Esports Awards moving to Riyadh stokes controversy as some panelists resign

Esports Awards
Esports Awards announces partnership with Esports World Cup Foundation (Image via Esports Awards|| Silviu Stroie || Michael Ashford || Scott Smith)

The recent announcement that the Esports Awards will enter a three-year partnership with the Esports World Cup Foundation, relocating the event to Saudi Arabia, has sparked significant controversy within the esports community that has seen the resignation of several award selection panelists in protest.

I reached out to notable members of the community following the announcement for their thoughts regarding the move to Riyadh.

PGL CEO Silviu Stroie and Esports Awards CEO Michael Ashford share their thoughts

After the announcement was made public, prominent voices within the community have been coming forward. They have been voicing their concerns on social media and through official statements, emphasizing that this partnership sends the wrong message about the industry's commitment to these issues. PGL CEO Silviu Stroie told Sportskeeda that he quit the panel in protest.

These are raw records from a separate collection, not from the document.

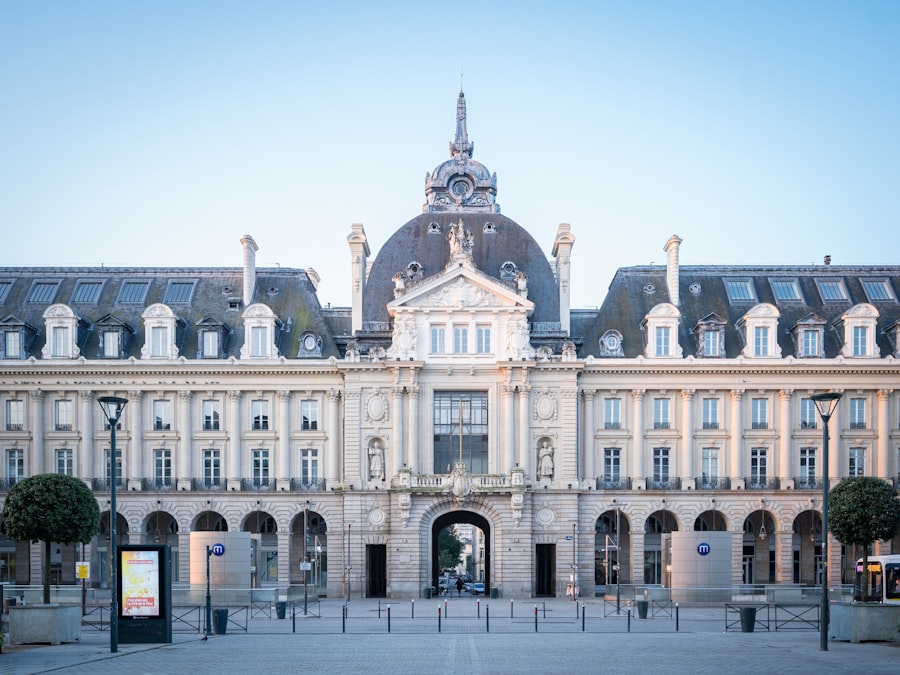 Les meilleurs restaurants cétogènes à Rennes — Guide Complet 2026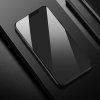 Ochranné tvrzené sklo pro iPhone X / XS / 11 Pro - Hoco, G2 FullScreen 3D Black
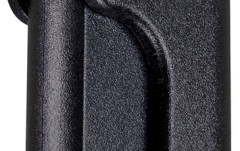 Stativ de microfon Ultimate Support LIVE-MC-70B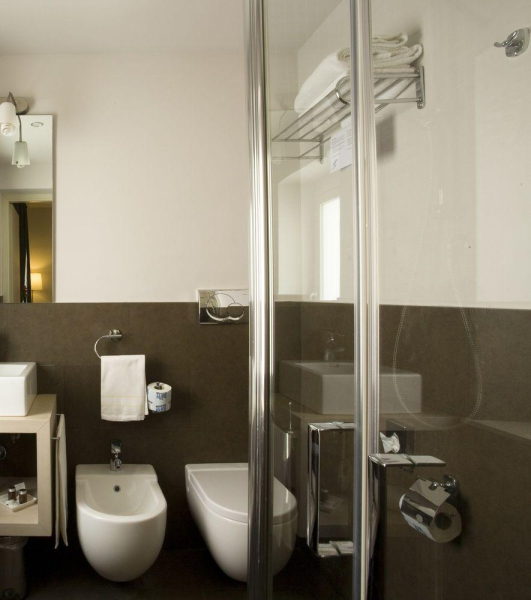 Las mejores ofertas de Il Piccolo Giardino Trapani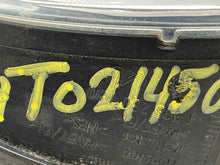 Load image into Gallery viewer, FOG LAMP LIGHT C230 C250 C300 C350 C63 CLK350 06-12 Bumper Mounted Left - NW499765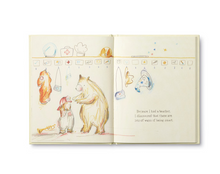 Load image into Gallery viewer, Because I Had A Teacher Book
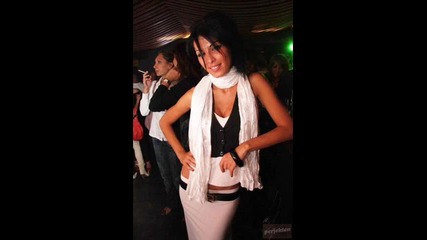 | House Music |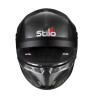 CASQUE STILO ST6GTN POUR PILOTE DE TOURISME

The resignations of key panelists underscore the seriousness of these concerns and the potential impact on the credibility and integrity of the awards. When asked about the backlash caused by the announcement, the CEO of the Esports Awards, Michael Ashford, told Sportskeeda:

“I am immensely grateful to each and every member of the panel that has contributed and volunteered hours to provide knowledge deliberately in shortlists and ultimately decide the winners each year. Each position is of course volunteer, and we absolutely respect the right for each individual to have their own viewpoint and to decide whether we align with that. Ultimately our process and recognition are better as a consequence of their contributions and is a debt we can never repay.”

An email, which Sportskeeda acquired, was sent out to panelists informing them about some of the changes that would be taking place with the awards. Here are the changes esports fans can expect:

  • There will be two award events taking place, one in Riyadh in August and one in London in November.
  • Mass-scale nominations will no longer be taking place.
  • The introduction of expert opinions and highlight videos will be utilized to assist with voting based on guidance from the panel counsel, supporting materials, and video content.

The panel will start the nomination process for the summer event on June 10. It will close on June 17, with the finalists being revealed on June 27. Lifetime Achievement nominations will start in mid-July and be revealed on July 25.

Esports Awards' move to Riyadh sparks controversy

The backlash regarding the decision to relocate the event to Saudi Arabia isn't limited to only panelists but has also left some award winners disgruntled. Scott “SirScoots” Smith, the recipient of the Esports Awards Lifetime Achievement for the Class of 2019, has rebuked his award following the move.

Behind the upheaval is the well-documented and discussed record of Saudi Arabia on human rights and how the Kingdom addresses the concerns of the LGBTQIA+ community, women, journalism, and more.

Additionally, critics argue that Saudi Arabia has been engaged in "sportswashing" (the practice of using high-profile events to distract from a country's controversial policies or actions), trying to impart its country’s views that are directly opposed to the values that the esports community has stood on for years.

However, there have been some who are welcoming the partnership, seeing it as a stable path forward.